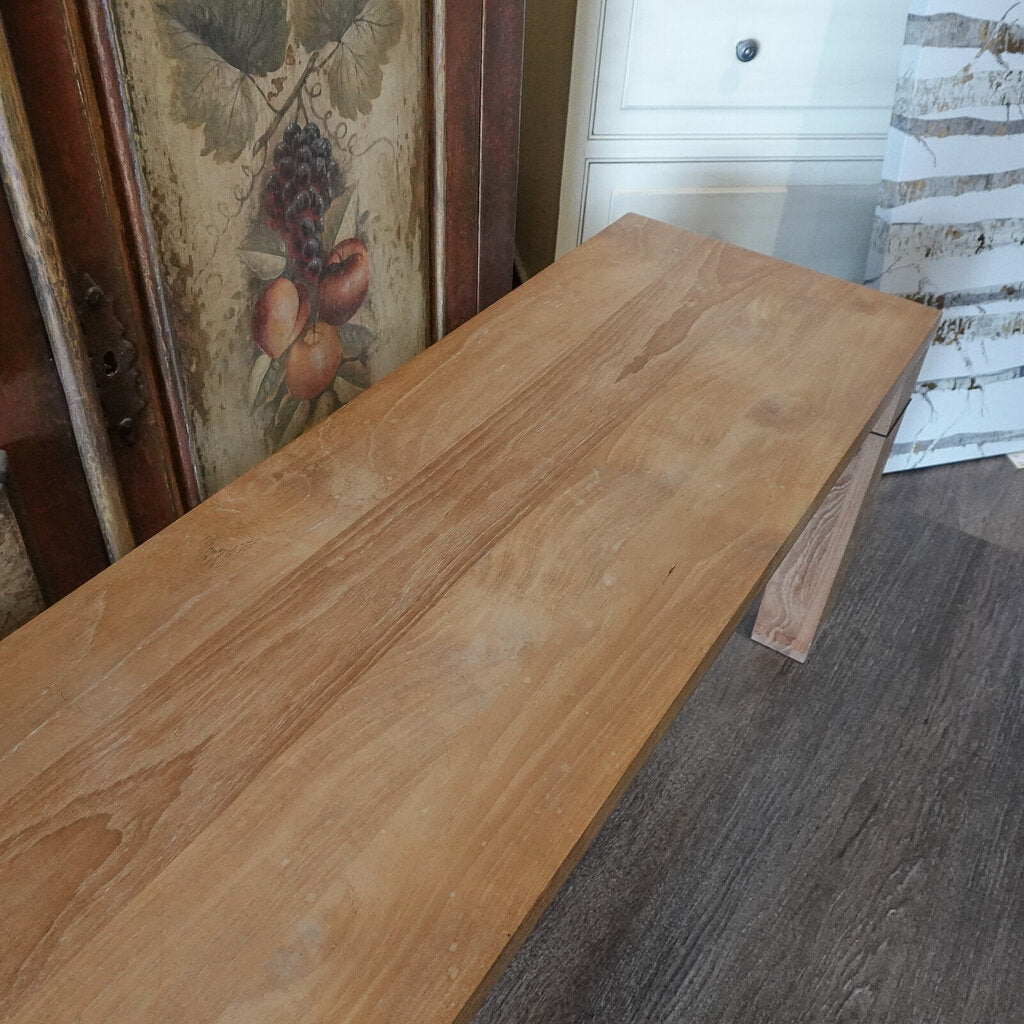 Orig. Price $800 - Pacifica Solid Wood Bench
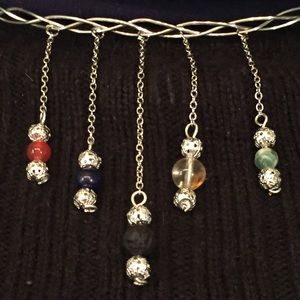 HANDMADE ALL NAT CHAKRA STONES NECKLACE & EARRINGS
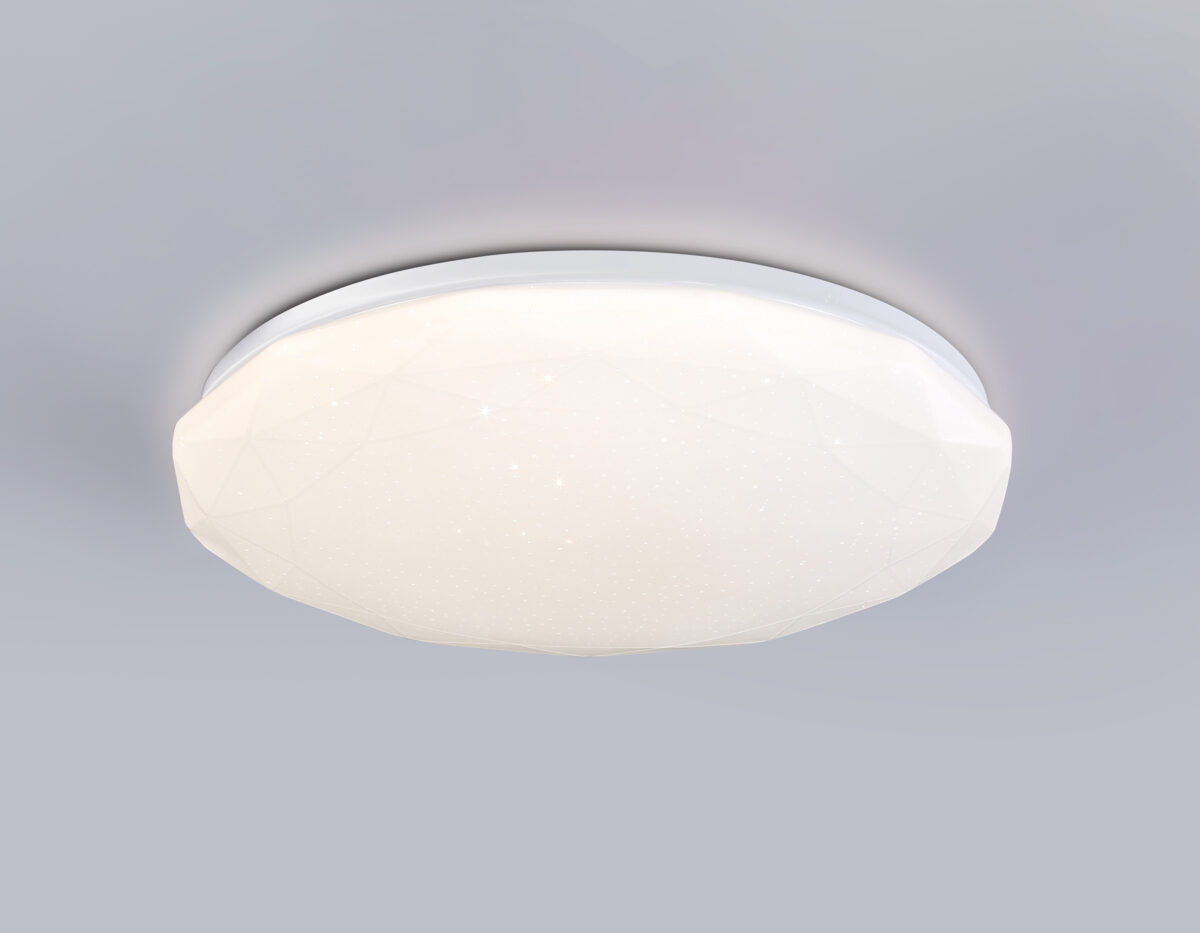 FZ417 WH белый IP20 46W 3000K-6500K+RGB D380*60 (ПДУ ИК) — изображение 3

• [Exercise aim]: Take the listing above and restate it word for word, without its pictures.

• [Exercise result]:
 Orig. Price $800 - Pacifica Solid Wood Bench
 HANDMADE ALL NAT CHAKRA STONES NECKLACE & EARRINGS
 FZ417 WH белый IP20 46W 3000K-6500K+RGB D380*60 (ПДУ ИК) — изображение 3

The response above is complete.